Cependant, il était possible de soutenir qu’il faudrait sanctionner la violation des statuts dans les SAS avec plus de force que dans les autres sociétés, car ils ont une place prépondérante pour l’organisation de ces premières. De plus, la formulation de l’art. L. 227-9 C. com. pourrait faire penser qu’il contient une disposition impérative aménageable. Néanmoins, la Chambre commerciale a affirmé que ce n’était pas le cas (Com. 26 avr. 2017, n° 14-13.554).

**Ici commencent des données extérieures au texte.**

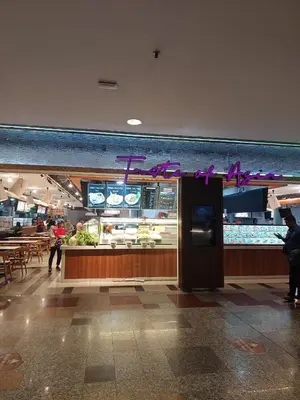 a food court in a mall with people walking around at DOUBLE DELUXE APARTMENT AT BERJAYA TIMES SQUARE kL in Kuala Lumpur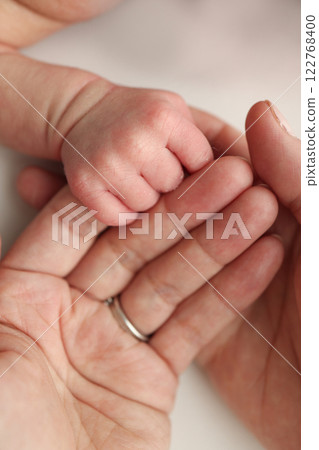 Close-up little hand of child and palm of mother and father. The newborn baby has a firm grip on the parent's finger after birth. A newborn holds on to mom's, dad's finger.  Close-up little hand of child and palm of mother and father. The newborn baby has a firm grip on the parent's finger after birth. A newborn holds on to mom's, dad's finger.  122768400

Ce dernier arrêt est cité dans celui sous commentaire, justement pour préciser que la Chambre commerciale ne voit toujours pas dans l’art. L. 227-9 C. com. une disposition impérative aménageable (pt 14). La raison du revirement vient du fait que le respect des statuts « est essentiel au bon fonctionnement de la société et à la sécurité de ses actes » et que leur violation doit être sanctionnée per se, sur le fondement du dernier alinéa de l’art. L. 227-9 C. com.

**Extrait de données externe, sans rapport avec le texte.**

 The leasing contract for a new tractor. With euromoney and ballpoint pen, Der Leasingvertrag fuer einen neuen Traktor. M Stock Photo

La Cour circonscrit la portée de sa solution aux SAS, dans lesquelles il faudra désormais caractériser seulement une violation des statuts de nature à influer sur le résultat du processus de décision. Adieu donc, dans ce cadre, l’arrêt Larzul, au profit d’une impérativité des statuts de SAS. À l’inverse, dans les autres sociétés, il s’applique toujours, et il faudra vérifier qu’une disposition impérative aménagée a été violée pour obtenir la nullité de la décision.

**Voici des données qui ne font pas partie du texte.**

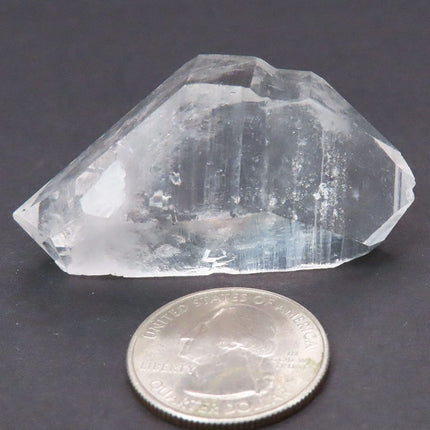 Arkansas Quartz Crystal Double Terminated/ET Point next to a U.S. quarter for scale on a dark background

N’aurait-il pas été plus simple d’admettre que l’art. L. 227-9 C. com. était une disposition impérative aménageable ? Ou, inversement, ne fallait-il pas abandonner totalement l’arrêt Larzul au profit d’une nullité pour violation des statuts dans toutes les formes sociales ? Car le respect des statuts n’est pas plus important dans les SAS qu’ailleurs a priori. Même si elles se distinguent par leur souplesse, ce caractère ne devrait pas faire varier la force obligatoire des statuts. Le respect des statuts n’est-il pas essentiel au bon fonctionnement de la société dans toutes les sociétés ? On sait par exemple que les SNC, bien que moins usitées, régissent tout autant leur fonctionnement par les statuts que les SAS, voire davantage.

Si le bien-fondé de cette règle peut donc être contesté, sa portée aussi.

La portée

Une chose semble certaine : ce sont les modalités statutaires de prise de décisions (comment prendre la décision ?) qui sont concernées mais également le domaine statutaire des décisions (quelles décisions doivent être collectives ?). La violation de ces deux types de stipulations sera sanctionnée par la nullité.

Les juges restreignent néanmoins le champ de la nullité par le biais du critère de l’influence de la violation sur le processus de délibération, qui ne brille pourtant pas par sa clarté. Cette nullité est en outre facultative et sera ainsi doublement restreinte : elle ne sera pas prononcée si la violation n’est pas de nature à influer sur le résultat de la décision ou si le juge, constatant qu’elle a cet effet, choisit néanmoins de ne pas la prononcer.

Au-delà, la règle posée confirme la préférence des juges de cassation commerciaux pour les statuts de SAS… au risque de revenir sur certaines interprétations. Car, il y a peu, la même chambre avait énoncé, dans une affaire concernant une SAS, que « si les actes extra-statutaires peuvent compléter les statuts, ils ne peuvent y déroger » (Com., 12 oct. 2022, n° 21-15.382). Nous avions cru y voir une affirmation générale selon laquelle les statuts primeraient toujours sur les actes extra-statutaires, mais peut-être la règle était-elle dictée par la forme sociale ; ce qui serait révélé par la faveur faite aux statuts de SAS dans le présent arrêt. Affaire à suivre donc.